Varian is poised to increase its market share in the radiation oncology market. It is currently enjoying a healthy demand for its coveted RapidArc radiotherapy technology, which is meaningfully contributing to its oncology net order growth.
International markets are under-equipped to address the growing incidence of cancer. In line with growing demand for cancer treatment in overseas markets, Varian’s ex-U.S. sales, in Europe and particularly Asia, are growing at a faster rate than the domestic market.

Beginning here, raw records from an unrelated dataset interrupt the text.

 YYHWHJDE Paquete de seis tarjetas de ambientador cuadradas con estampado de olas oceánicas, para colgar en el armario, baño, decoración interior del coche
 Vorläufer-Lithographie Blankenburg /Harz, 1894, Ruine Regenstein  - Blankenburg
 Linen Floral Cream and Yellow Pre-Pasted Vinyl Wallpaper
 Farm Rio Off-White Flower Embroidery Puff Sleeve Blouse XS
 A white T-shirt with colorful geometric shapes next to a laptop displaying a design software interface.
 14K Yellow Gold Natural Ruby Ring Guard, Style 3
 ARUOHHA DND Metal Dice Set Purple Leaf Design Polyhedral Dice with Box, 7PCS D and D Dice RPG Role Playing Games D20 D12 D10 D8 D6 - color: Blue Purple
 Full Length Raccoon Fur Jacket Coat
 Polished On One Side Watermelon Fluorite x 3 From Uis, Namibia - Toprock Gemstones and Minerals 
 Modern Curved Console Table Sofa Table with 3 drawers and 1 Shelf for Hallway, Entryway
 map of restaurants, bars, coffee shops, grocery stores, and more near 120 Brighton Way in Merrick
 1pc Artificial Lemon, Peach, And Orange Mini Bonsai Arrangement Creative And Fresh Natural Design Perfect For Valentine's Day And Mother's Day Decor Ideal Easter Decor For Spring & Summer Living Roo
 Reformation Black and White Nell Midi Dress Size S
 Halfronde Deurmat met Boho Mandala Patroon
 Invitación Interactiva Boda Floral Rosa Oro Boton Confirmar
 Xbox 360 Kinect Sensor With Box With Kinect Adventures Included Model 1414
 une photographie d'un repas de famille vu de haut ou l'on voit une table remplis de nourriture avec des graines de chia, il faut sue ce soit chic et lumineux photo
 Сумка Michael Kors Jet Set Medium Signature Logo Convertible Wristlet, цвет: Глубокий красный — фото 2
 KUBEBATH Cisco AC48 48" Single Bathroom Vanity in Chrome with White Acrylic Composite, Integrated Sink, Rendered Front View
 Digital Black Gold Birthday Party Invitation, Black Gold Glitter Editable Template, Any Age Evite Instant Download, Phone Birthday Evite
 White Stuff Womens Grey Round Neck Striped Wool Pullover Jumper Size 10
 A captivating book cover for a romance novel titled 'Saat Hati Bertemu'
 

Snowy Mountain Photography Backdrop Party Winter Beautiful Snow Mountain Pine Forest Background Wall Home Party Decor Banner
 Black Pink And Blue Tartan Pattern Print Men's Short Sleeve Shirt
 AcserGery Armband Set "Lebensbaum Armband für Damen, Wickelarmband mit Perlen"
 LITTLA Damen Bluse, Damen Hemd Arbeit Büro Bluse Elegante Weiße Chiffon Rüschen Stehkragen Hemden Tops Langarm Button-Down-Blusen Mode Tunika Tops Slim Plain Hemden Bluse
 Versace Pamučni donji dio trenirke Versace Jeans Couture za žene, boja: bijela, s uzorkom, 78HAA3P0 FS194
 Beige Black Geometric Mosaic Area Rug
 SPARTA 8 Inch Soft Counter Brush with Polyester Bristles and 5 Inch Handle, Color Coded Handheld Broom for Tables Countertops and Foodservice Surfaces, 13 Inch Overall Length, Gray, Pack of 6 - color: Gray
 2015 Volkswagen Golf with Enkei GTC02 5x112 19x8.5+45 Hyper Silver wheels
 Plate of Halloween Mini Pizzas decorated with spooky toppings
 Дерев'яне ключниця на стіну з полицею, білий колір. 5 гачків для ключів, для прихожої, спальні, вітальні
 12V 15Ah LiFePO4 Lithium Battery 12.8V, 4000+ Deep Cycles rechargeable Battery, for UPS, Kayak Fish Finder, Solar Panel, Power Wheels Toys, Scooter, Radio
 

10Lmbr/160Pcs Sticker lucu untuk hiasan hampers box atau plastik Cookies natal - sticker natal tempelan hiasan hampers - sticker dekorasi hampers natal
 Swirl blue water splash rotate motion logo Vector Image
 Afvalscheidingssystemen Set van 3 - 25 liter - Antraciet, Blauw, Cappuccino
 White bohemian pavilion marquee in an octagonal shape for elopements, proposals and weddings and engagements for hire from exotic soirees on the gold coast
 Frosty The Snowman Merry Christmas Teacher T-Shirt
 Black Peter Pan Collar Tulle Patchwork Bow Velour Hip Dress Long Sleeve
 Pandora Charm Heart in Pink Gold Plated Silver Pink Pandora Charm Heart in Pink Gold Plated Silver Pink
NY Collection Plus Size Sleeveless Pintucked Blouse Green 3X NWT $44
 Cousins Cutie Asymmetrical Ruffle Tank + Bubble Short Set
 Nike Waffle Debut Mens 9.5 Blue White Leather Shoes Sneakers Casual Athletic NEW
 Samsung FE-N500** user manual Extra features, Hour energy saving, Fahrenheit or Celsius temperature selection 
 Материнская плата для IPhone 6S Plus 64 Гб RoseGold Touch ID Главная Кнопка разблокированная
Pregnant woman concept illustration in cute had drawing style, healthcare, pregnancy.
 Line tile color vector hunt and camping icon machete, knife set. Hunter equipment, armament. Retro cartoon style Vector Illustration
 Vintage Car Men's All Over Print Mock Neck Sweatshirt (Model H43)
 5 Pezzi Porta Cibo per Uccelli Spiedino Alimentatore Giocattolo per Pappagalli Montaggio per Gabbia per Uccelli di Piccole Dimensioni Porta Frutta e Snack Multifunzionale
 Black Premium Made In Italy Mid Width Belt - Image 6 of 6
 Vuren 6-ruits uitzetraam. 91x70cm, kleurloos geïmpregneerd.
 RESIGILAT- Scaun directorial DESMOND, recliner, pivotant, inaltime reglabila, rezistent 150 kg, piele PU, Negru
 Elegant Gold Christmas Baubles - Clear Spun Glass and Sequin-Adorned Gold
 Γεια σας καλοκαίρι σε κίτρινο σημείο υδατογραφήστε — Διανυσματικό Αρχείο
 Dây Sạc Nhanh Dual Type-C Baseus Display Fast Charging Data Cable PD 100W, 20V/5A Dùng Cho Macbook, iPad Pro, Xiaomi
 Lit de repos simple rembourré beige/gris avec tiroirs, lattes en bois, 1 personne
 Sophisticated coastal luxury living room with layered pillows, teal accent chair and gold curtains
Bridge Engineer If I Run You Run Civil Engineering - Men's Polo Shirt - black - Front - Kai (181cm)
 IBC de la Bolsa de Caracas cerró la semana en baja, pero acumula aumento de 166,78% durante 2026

Service constitutes about one-third of Oncology segment revenues, which is recurring in nature. It is expected to further grow as the company expands its installed base in overseas markets, particularly in China and India.
However, Varian aggressively competes with well-funded competitors for a limited pool of sales volume. Further, uncertainties stemming from health care reform and a still weak hospital capital spending environment across many developed countries provide headwinds. We currently have a Neutral recommendation on Varian over the long term. The stock currently retains a Zacks #4 Rank, which translates into a short-term Sell recommendation.